If they had called on me a few weeks ago I would have given them the time of day. Unlike most people I wouldn’t have offered them some pathetic excuse or told them I hadn’t the time to bother with them and shut the door in their faces. I would have liked to, but I’ve never been able to bring myself to do that. Truth to tell I felt a bit sorry for them; it couldn’t be much fun, tramping the streets trying to find customers to share their delusions with more likelihood of having a dog set on them than they had of success.
My Auntie Betty told me I was too soft with them. They had door-stepped me a few weeks ago when she’d called round with an apple pie she’d baked for me that had gone cold by the time I managed to get shot of them.
“You should do what Reg did,” she advised me.
I would have loved to do what my Uncle Reg did, but you have to be a bit of an extrovert for that; not me at all.
After being door-stepped himself Uncle Reg had followed the Jehovah’s Witnesses, found out where one of them lived and at half past eleven that night had knocked on his door and asked him if he wanted to become an atheist. The ploy hadn’t been entirely successful as the Jehovah’s Witness had invited him in for a cup of tea and tried to get him to join them, but he and Auntie Betty hadn’t been bothered with them since. “I told him what he could do with his God. And his cup of tea” Uncle Reg said. “And in no uncertain terms.” I knew what Uncle Reg’s uncertain terms would be and ‘stick’, ‘up’ and ‘arse’ would be three of the words he’d employed.

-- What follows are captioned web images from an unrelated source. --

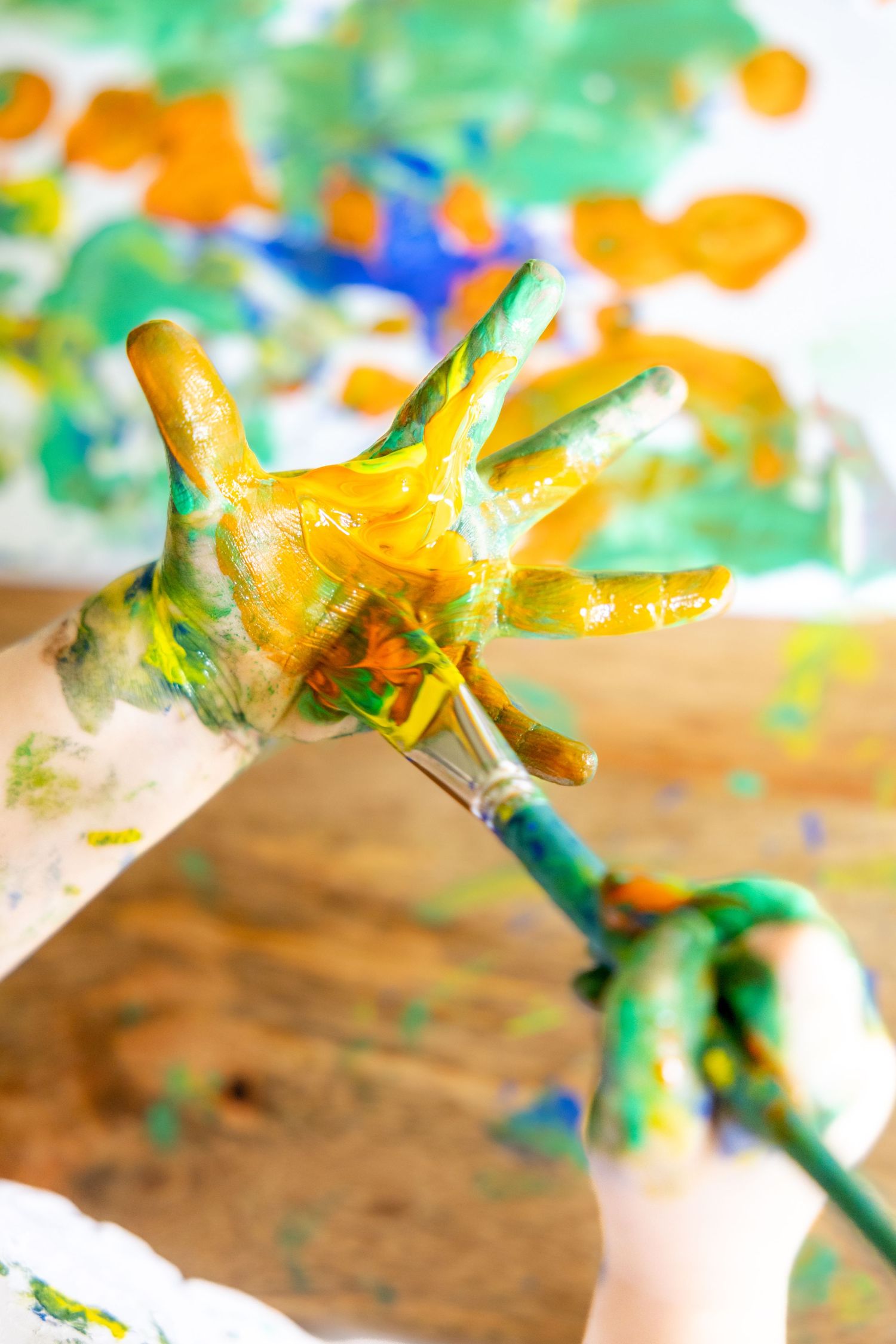 Close up of paint covered hands with yellow and green colors against blurred artwork.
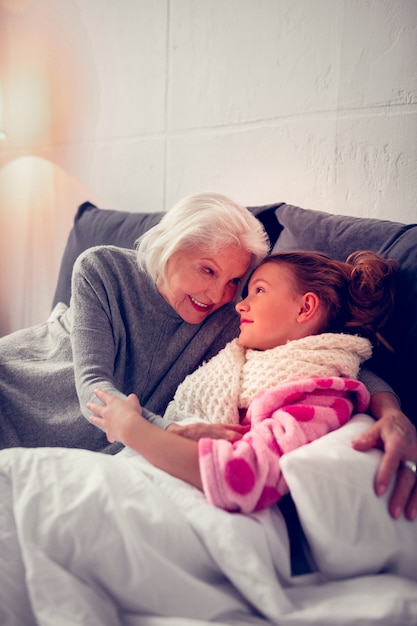 Liefhebbende oma. Zorgzame liefhebbende oma knuffelt haar schattige meisje dat in bed ligt en voelt zich misselijk nadat ze verkouden is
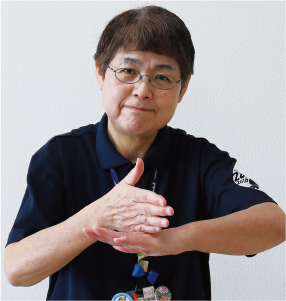 手話通訳者・鈴木さんが片方の手は甲を上にして、その上に反対の手の平を縦にして乗せている写真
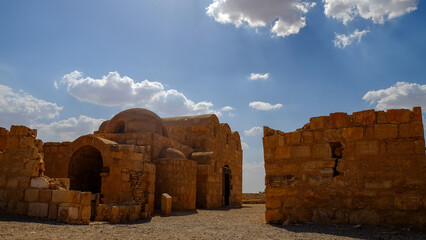 Beautiful view of Quseir Amra in Jordan against a blue cloudy sky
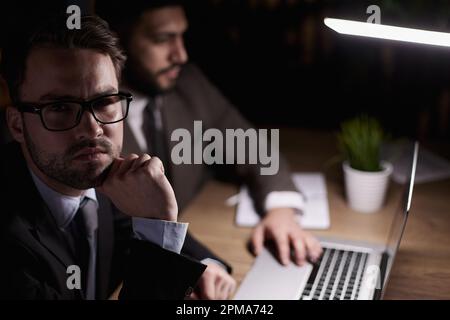 Zwei Mitarbeiter mittleren Alters arbeiten an einem Schreibtisch in einem Büro. Stockfoto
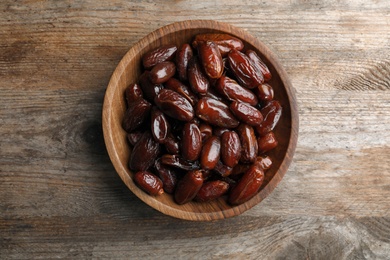 Photo of Bowl with sweet dates on wooden background, top view. Dried fruit as healthy snack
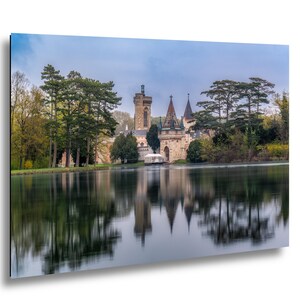 May include: A stone castle with a tall tower and pointed roofs sits on the edge of a calm lake. Tall green trees surround the structure, and the entire scene is reflected in the still water under a cloudy blue sky during the daytime.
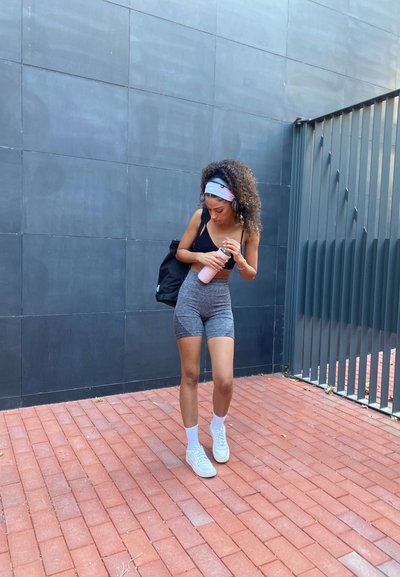 Sujetadora deportiva negra y pantalones cortos grises con estampado, calcetines blancos y zapatillas. Lleva una bolsa negra y una botella de agua rosa, con el pelo rizado y una diadema.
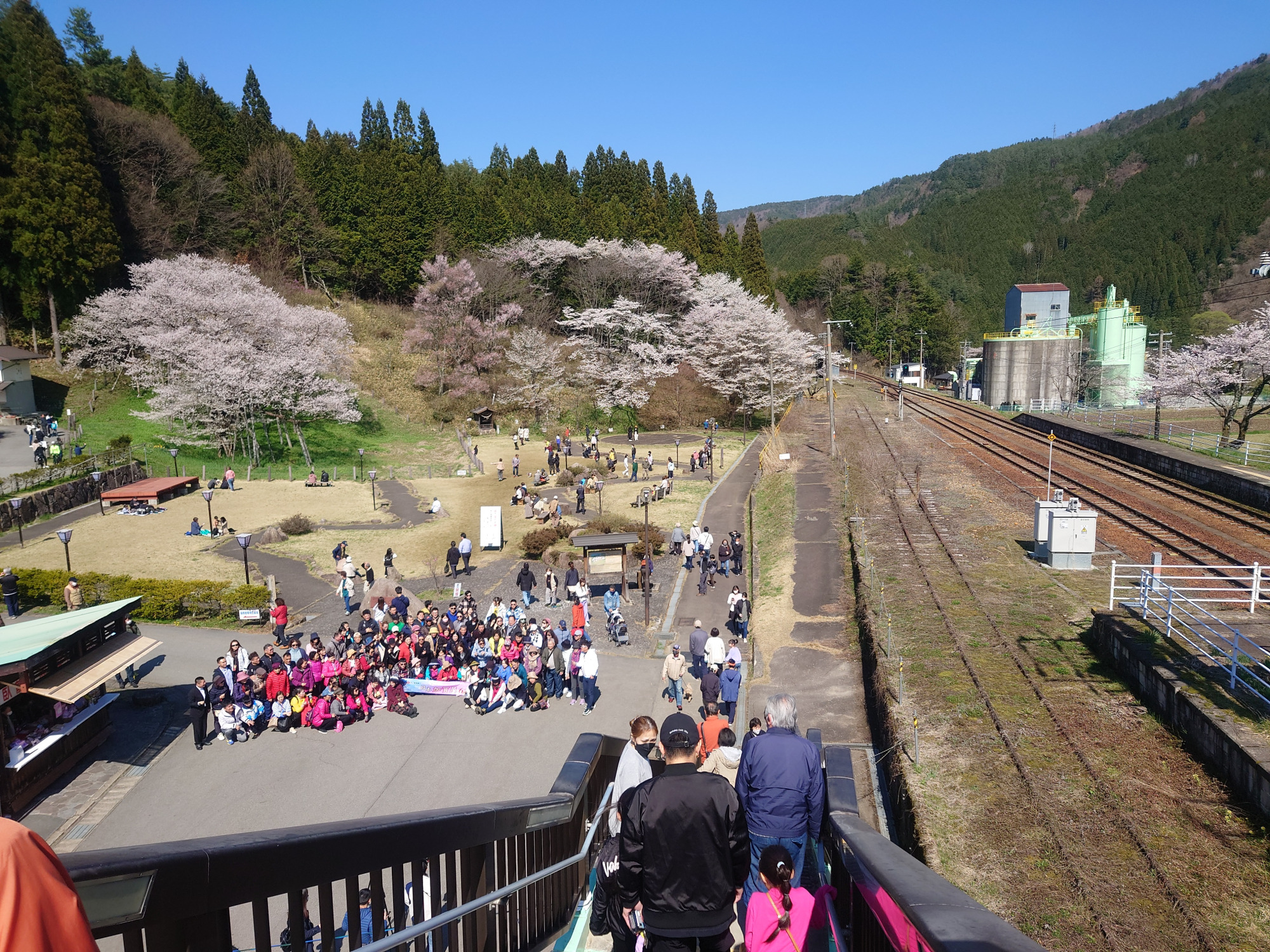 「JR飛騨一ノ宮駅」から「臥龍公園」へと通じる連絡通路から見た風景。集合写真を撮影している人だかりの背後に蓋があります。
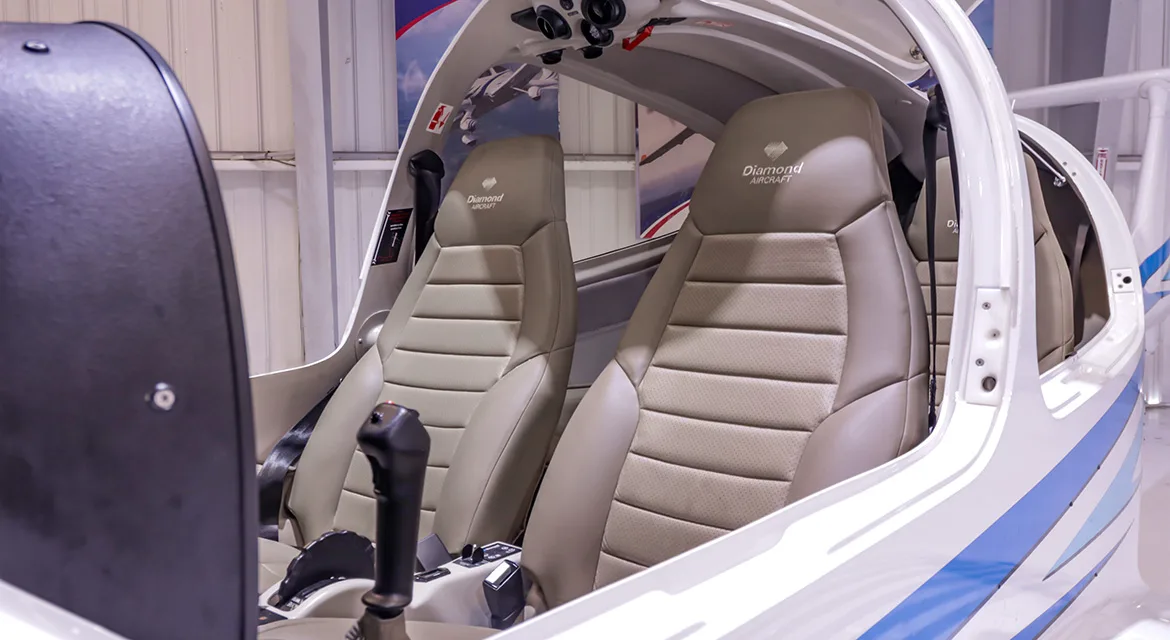 A close-up view of the tan leather seats inside the cabin of a Diamond DA40 aircraft.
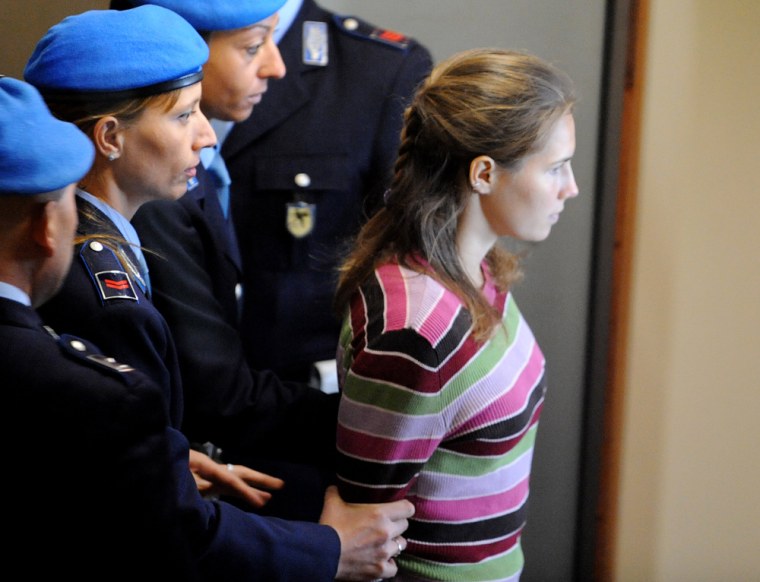One of the three suspects in the murder of British student Meredith Kercher, Amanda Knox from the US, arrives at a court hearing in Perugia on September 27, 2008. Kercher, 22, a student from Leeds University studying in Perugia as part of the Erasmus exchange programme, was found dead in her Perugia flat on November 1, 2007 with her throat cut. AFP PHOTO/Tiziana Fabi (Photo credit should read TIZIANA FABI/AFP/Getty Images)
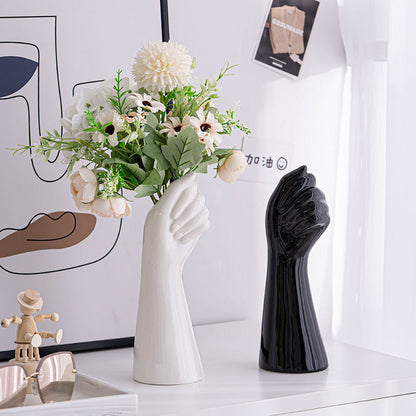 White Ceramic Hand Vase holding flowers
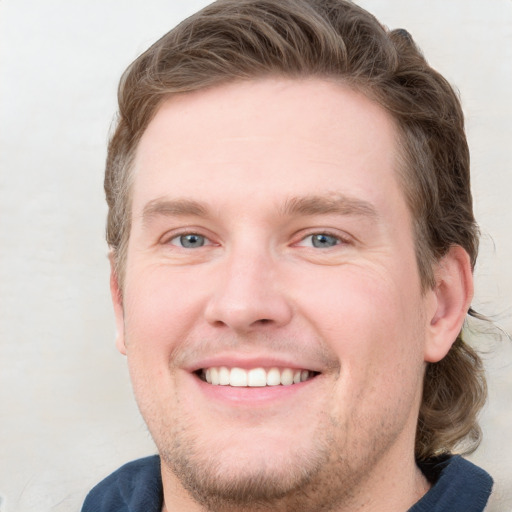 Joyful white young-adult male with short  brown hair and blue eyes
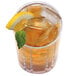 A glass of ice tea with a lemon slice and mint leaf next to a Manitowoc Indigo NXT ice machine.
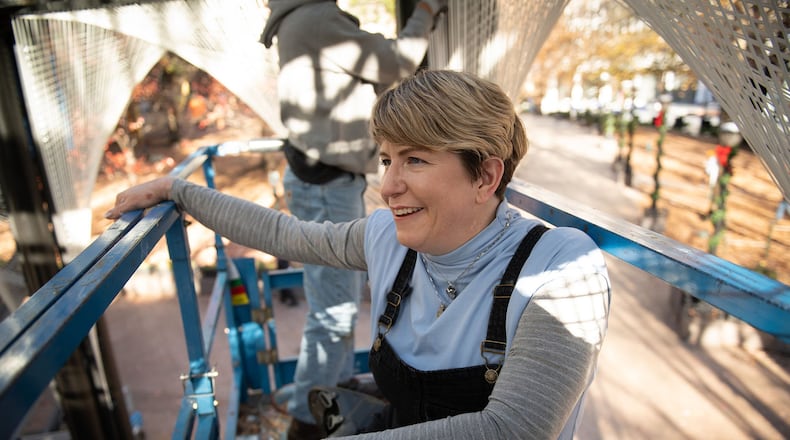 Megan Mosholder works on her light-based sculpture as part of “PRISM: Winter Lights in Woodruff Park.” PHOTO BY ELISSA BENZIE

I couldn’t do that. So I just listened to them, or pretended to listen, took their Watchtower and bade them goodbye. But that was a week ago. And a week ago I didn’t know I had cancer. This week I simply closed the door on them and left them standing there.
Cancer. I’d known it was bad news from the way the hospital consultant oncologist Mr Matthews had sucked in his breath before speaking, always a portent of bad news. “I’m afraid it’s not good news, Mr Smith.”
I knew instinctively what was not good about the news even before he told me.
“Cancer, I’m afraid. Cancer of the bowel.”
“I see.” I hadn’t seen at all, I felt as fit as a fiddle. Nor had I any reason to suspect cancer, the blood test I’d had a few weeks previously had been for cholesterol (which incidentally had been fine; but what’s the use of having a good cholesterol count if you’ve got cancer?) “Is it bad?” I asked, hardly daring to.
The doctor nodded. “It’s in the secondary stage. Terminal I’m afraid.”
That’s three times you’ve been afraid, I thought. You’re not half as afraid as me. Shitting bricks isn’t in it. I knew my next question, I’d heard it often enough from people in films or on television dramas who had been cast in the same circumstances, the question they dreaded asking, the one they had to ask, the one I had to ask now. I steeled myself. “How long have I got?”
“Less than a year.”
Less than a year? What sort of answer was that? Next week is less than a year. Tomorrow is less than a year. Couldn’t he be more precise? Apart from that, didn’t you get six months? It was always six months you got. Except for the man in the joke whose doctor told him he had five months to live. “Five?” the man had complained bitterly. “Why only five? Everybody else gets six?” But this was no joke. Cancer! Christ I was no age.
“With treatment,” Mr Matthews said, breaking into my thoughts.
“What?”
“Your....er, time. That’s with treatment. An operation followed by a course of chemotherapy.”
As soon as I left the hospital I bought a packet of cigarettes and smoked five of them one after the other. I’d stopped smoking in 1992, ironically in response to an advertising campaign warning smokers of the dangers of cancer, but even twenty years on I still fancied a cigarette occasionally, so why not now? It wasn’t going to give me cancer, I’d already got it.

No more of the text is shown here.